__Work item__
Lines below that include the word "para" should each be copied.

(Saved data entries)
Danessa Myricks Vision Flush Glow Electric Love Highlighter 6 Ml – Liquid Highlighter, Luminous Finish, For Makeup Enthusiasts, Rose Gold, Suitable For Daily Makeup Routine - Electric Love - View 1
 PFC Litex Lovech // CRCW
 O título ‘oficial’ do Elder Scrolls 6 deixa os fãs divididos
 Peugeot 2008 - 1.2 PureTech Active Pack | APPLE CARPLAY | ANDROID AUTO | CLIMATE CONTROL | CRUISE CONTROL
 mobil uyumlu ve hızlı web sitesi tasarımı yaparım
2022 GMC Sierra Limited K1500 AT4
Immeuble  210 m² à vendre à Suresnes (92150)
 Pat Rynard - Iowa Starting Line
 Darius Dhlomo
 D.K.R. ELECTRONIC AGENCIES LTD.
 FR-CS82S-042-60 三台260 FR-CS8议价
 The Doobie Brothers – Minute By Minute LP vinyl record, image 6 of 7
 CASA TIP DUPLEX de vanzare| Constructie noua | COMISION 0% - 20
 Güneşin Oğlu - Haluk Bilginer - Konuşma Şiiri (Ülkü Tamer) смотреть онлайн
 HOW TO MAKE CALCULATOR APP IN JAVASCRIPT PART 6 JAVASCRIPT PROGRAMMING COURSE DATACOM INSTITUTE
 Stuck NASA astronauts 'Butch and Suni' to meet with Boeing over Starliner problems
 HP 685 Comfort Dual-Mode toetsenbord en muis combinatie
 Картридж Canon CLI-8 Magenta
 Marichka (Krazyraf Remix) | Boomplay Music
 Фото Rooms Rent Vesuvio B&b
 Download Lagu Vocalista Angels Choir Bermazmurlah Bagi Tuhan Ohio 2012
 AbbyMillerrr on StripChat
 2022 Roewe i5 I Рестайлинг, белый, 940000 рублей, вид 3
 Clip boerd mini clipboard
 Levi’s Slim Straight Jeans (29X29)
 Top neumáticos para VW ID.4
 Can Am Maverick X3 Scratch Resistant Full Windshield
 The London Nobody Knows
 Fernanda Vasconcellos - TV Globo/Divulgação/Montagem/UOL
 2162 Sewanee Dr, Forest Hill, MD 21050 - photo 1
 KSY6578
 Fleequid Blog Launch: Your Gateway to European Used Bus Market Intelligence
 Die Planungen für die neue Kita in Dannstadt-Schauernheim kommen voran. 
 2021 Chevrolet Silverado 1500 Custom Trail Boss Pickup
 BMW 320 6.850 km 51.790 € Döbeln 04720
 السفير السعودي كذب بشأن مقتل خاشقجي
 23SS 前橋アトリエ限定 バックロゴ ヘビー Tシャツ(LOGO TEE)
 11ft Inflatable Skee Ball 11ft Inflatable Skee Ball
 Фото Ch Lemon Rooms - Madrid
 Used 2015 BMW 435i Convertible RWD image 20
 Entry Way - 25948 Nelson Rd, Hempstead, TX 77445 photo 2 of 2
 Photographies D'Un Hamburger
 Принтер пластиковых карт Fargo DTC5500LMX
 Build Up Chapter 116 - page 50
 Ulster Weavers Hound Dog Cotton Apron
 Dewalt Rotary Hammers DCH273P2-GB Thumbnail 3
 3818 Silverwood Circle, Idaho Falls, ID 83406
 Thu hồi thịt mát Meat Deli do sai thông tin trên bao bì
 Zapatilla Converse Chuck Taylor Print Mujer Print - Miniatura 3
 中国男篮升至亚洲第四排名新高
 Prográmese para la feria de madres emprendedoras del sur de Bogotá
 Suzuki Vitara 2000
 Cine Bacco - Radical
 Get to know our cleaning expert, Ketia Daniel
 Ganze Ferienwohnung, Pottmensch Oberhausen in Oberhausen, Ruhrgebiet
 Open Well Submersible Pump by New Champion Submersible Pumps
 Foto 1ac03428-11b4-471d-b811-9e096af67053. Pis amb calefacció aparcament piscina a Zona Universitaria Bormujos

__Reply__
 Top neumáticos para VW ID.4
 Prográmese para la feria de madres emprendedoras del sur de Bogotá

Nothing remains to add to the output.